I suppose if one wanted to eliminate public education (which I know you do) and return to the days when education was mostly a privilege of wealth, then allowing "market forces" to dictate teacher pay would be an excellent first step. But I fail to see how reducing the pay and benefits of teachers is supposed to attract better teachers and improve education for most.

Answer:

Massive benefits and immunity from any sort of metrics, let alone discipline, sure haven't helped. Here's how the market gets you better teachers: the ones that suck get paid less or get fired, or their schools, being unresponsive to parents' demands for better education for their children, get reduced business or none (and the bad teachers then still lose their jobs).

Also your problem with "return to the days when education was a privilege of wealth" is that costs are far less now. Suppose government massively subsidized televisions, and then someone proposed they stop: while there was a time that a television was a "privilege of wealth", that time would not return given the technological developments between then and now.
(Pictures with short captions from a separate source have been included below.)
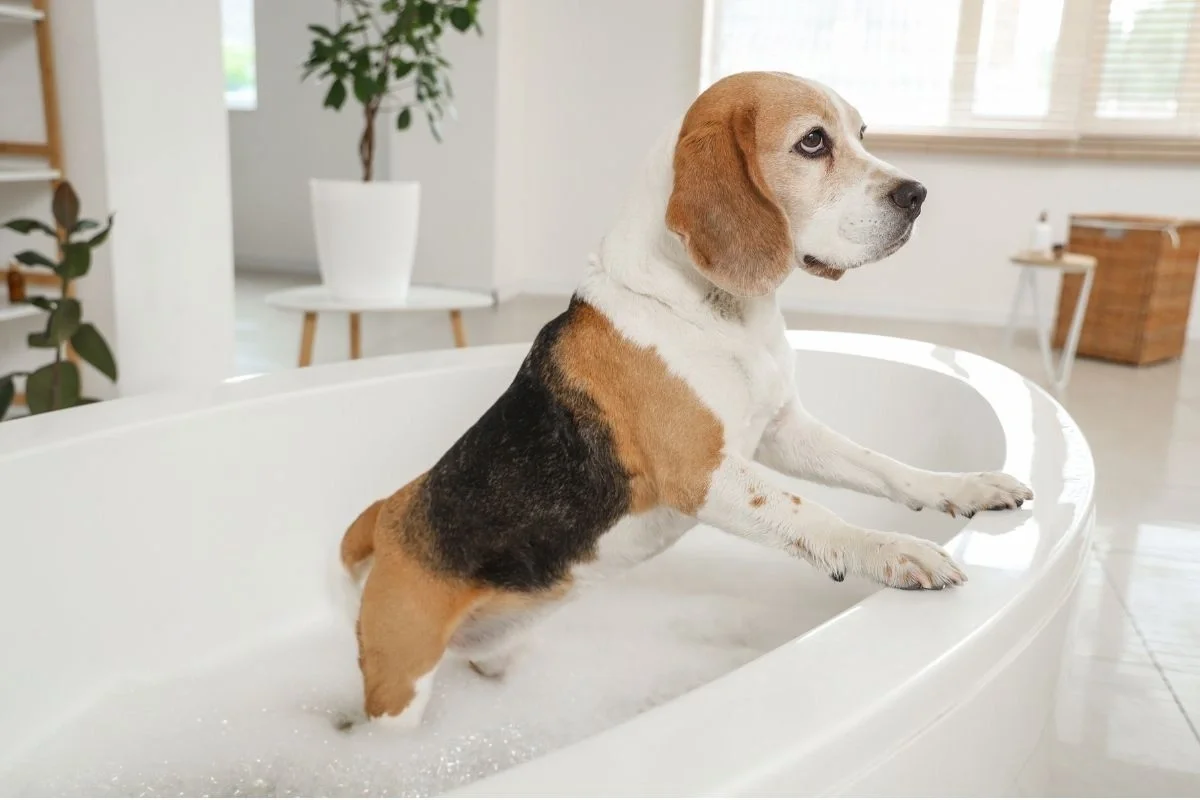 Tri-color beagle standing with front paws on the edge of a bubble-filled bathtub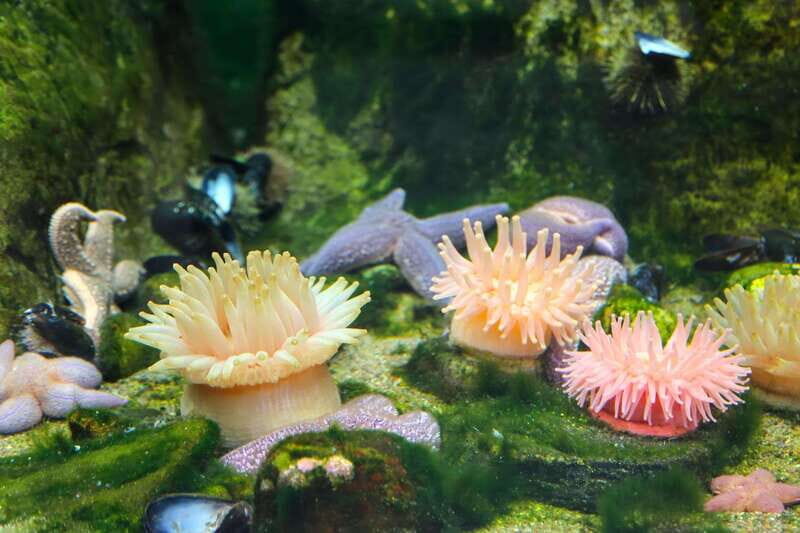 Montreal: Skip-the-line Biodome Private Tour with Tickets - Good To Know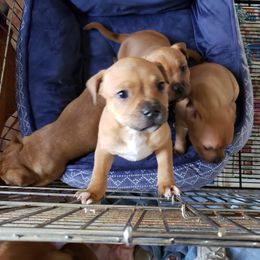 Bull Terrier and Staffordshire Bull Terrier Puppies from Courstaff Staffords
Or, in other words, let the nature of the education market be represented by Syear={si}, 0 < i ≤ n; you want to claim that changing s1298 (the data point reflecting that teacher pay is extorted by force) in S2011 ("education in 2011") to s1298 from S1500 ("education in 1500") will make S2011 precisely the same as S1500, disregarding the fact that there have been many other changes and innovations since then. For example, almost any highschool graduate should be competent to teach basic science (public schools are so bad that this isn't always the case), and thus vast supply over the small number of teachers competent to teach what we consider basic science today (much of which wasn't even known then) decreases the cost a great deal. There is also much more in-depth information available practically for free via the Internet. This changes the calculation a great deal.